Development of laser–electron therapy of deep regions has objective prerequisites since it demonstrates certain advantages relative to traditional methods, and the number of these advantages can increase with accumulation of new data. For example, the small size of the setup, its much lower and gradually decreasing cost, and the possibility of using commercially available lasers represent important advantages of the laser–electron therapy relative to the hadron one. It should also be noted that these advantages are preserved also relative to traditional electron accelerators of the 100–250-MeV class that enable deep radiation therapy. Demonstrated focusability of a non-monoenergetic electron beam by quadruple magnetic lenses [8, 24] indicates the possibility of localization of the absorbed dose for laser-accelerated electrons, which could probably compete with the Bragg peak of protons/ions. The spider-like scheme of parallel splitting of the laser beam would allow treatment of patients in several therapeutic rooms simultaneously thereby reducing occupation time of the irradiation setup per session, which is impossible from practical point of view for charged-particle beams. Evolution of a number of physical processes accompanying propagation of VHEE electron bunch in a tissue also offers several advantages, such as relatively low scattering in air and biotissues determined by factor \({{E}^{{ - 2}}}\), weak sensitivity to inhomogeneities (regions of bone tissue) [25], dosimetric advantage relative to classical sources related to somewhat lower damage of healthy tissues while retaining therapeutic effect in the affected area, which was noted in a number of studies on dosimetry for short VHEE bunches. Finally, we note that the FLASH effect that ensures orders of magnitude higher rate of dose deposition relative to that achieved so far with traditional sources is guaranteed with a laser source, which can have an impact at the stage of chemical transformations in cells. This does not exclude the possibility of enhancing positive effects of the FLASH phenomenon, although this requires further analysis.

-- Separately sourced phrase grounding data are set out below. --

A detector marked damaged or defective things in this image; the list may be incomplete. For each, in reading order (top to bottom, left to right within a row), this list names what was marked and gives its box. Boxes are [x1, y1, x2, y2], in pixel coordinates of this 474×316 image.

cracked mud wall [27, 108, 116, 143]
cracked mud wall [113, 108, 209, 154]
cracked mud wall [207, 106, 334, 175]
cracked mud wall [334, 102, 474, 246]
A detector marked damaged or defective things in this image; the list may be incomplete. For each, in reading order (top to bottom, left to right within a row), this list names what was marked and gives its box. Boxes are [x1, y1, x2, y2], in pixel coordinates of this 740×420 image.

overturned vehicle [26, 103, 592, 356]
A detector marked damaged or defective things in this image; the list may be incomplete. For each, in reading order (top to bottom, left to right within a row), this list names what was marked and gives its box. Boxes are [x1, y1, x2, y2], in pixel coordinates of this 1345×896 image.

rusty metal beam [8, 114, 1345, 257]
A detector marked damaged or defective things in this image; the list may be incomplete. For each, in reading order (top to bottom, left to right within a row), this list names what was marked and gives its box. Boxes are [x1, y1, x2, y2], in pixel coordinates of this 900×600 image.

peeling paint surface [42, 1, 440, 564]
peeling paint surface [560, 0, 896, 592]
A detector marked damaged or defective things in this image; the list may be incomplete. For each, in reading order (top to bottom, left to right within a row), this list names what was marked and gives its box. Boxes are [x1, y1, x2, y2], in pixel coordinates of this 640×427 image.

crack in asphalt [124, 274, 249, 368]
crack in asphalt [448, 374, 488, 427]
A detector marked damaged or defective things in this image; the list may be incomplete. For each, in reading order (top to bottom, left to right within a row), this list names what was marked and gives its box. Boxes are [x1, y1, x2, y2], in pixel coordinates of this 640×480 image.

As a final note, we should mention one more possible variant of the laser FLASH radiotherapy. The fact is that, in addition to VHEE, the laser electron source creates much more electrons accelerated to moderate energies in the 5–20-MeV range. Their bremsstrahlung radiation can produce a record flux of photons of therapeutic energies [26]. Estimating the prospects of such a method relative to traditional gamma therapy represents an interesting and important task.